Dos 132 mil inscritos no programa CNH Popular, desde 2009, cerca de 82 mil (62,2%) não conseguem se habilitar

Conduzir motocicletas em ruas e rodovias do Estado sem habilitação é prática cada vez mais comum nos municípios cearenses. Prova disso são os dados do Departamento Estadual de Trânsito do Ceará (Detran), que apontam que a frota de motocicletas no Interior é de aproximadamente 650 mil, enquanto a dos portadores da Carteira Nacional de Habilitação (CNH) na categoria A (para guiar motos) é de cerca de 450 mil. Significa dizer que cerca de 200 mil pessoas conduzem motocicletas de forma indiscriminada, sem ter passado por aulas de legislação de trânsito.

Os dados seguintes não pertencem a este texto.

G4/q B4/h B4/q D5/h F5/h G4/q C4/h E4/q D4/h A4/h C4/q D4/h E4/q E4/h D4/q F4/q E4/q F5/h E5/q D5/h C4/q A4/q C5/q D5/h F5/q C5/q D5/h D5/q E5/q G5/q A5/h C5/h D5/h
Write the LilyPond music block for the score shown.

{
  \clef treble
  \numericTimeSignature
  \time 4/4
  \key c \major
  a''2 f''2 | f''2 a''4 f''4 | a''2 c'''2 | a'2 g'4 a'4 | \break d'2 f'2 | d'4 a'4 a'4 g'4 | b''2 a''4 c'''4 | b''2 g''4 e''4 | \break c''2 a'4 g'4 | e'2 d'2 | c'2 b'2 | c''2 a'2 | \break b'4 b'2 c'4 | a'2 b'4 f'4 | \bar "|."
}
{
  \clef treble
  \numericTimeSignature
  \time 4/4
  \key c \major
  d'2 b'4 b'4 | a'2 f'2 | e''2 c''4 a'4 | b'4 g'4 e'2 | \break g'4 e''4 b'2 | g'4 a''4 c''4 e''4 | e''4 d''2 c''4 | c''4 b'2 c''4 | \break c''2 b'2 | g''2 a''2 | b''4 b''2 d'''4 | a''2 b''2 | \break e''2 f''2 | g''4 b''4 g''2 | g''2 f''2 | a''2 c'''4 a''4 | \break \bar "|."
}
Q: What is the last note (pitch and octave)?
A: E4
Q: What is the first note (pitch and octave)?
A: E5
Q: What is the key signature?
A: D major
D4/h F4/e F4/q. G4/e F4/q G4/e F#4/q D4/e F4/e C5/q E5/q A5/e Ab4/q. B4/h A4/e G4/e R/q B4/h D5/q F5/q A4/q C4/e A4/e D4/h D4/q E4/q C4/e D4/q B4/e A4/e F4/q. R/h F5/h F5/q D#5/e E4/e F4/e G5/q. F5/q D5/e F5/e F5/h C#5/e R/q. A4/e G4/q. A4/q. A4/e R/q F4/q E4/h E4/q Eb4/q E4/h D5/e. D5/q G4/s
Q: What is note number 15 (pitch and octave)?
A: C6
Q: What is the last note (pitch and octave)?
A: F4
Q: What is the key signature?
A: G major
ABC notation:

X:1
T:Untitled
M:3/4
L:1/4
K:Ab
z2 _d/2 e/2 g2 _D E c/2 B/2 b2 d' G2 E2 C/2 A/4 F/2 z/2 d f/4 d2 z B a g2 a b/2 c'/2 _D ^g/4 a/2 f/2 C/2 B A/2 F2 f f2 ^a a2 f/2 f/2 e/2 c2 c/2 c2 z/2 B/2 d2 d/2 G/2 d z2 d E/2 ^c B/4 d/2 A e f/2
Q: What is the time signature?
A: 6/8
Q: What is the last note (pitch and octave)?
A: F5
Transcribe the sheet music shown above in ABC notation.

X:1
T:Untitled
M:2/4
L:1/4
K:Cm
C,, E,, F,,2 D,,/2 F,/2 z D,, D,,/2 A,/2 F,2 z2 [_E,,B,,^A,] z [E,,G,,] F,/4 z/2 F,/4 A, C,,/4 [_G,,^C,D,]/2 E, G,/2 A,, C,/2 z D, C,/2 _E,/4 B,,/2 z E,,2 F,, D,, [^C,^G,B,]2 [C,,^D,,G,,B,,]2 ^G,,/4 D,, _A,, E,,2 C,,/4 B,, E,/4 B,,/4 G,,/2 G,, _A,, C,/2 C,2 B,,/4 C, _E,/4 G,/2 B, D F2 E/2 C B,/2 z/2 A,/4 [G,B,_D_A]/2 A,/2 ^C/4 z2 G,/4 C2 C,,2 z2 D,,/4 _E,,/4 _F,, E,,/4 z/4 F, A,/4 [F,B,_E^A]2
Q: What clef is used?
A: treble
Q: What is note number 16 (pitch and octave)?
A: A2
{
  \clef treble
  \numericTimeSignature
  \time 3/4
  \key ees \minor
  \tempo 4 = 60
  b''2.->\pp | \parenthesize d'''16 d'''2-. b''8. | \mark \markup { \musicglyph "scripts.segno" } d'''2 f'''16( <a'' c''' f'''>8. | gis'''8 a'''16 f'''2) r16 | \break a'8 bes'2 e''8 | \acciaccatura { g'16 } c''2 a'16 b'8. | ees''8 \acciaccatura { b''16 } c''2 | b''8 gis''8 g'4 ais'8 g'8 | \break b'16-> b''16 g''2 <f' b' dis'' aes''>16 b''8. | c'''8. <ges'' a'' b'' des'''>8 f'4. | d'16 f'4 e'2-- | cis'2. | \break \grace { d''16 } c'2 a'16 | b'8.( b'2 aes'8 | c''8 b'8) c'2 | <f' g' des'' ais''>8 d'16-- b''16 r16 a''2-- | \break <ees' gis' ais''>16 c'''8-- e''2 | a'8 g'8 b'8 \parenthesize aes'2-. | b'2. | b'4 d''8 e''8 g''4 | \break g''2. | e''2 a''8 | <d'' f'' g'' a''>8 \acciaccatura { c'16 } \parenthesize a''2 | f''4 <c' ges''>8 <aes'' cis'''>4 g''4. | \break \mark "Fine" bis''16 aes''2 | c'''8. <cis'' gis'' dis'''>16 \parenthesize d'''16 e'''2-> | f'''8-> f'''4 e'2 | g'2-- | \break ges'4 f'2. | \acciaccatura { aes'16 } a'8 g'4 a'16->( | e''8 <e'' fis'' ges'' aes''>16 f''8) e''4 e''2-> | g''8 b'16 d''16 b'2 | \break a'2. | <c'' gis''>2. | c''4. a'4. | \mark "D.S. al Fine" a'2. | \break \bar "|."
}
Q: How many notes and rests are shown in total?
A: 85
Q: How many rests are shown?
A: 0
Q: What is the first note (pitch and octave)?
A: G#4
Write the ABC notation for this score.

Com intuito de regularizar esse público, que insiste em circular de forma irregular, aumentando os índices de acidentes e, pior, pondo em risco a sua vida e a de terceiros, o Governo do Estado, através do Detran, aderiu, em 2009, ao Programa CNH Popular, que fornece carteira de habilitação grátis para população baixa renda. Três anos após a implantação da iniciativa, observa-se que o governo tem dificuldade de atingir a sua meta: sanar o índice de condutores de motocicletas não habilitados.

Reprovação

Dos 132 mil inscritos na CNH Popular desde que o programa chegou a Fortaleza, 50 mil foram habilitados (37,8%) na categoria A. Por uma série de motivos, grande parte fica no meio do caminho. O índice de reprovação é alto, chega a 62,2%. Enquanto os que entram no processo pelo trâmite normal, pagando, varia de 35% a 40%.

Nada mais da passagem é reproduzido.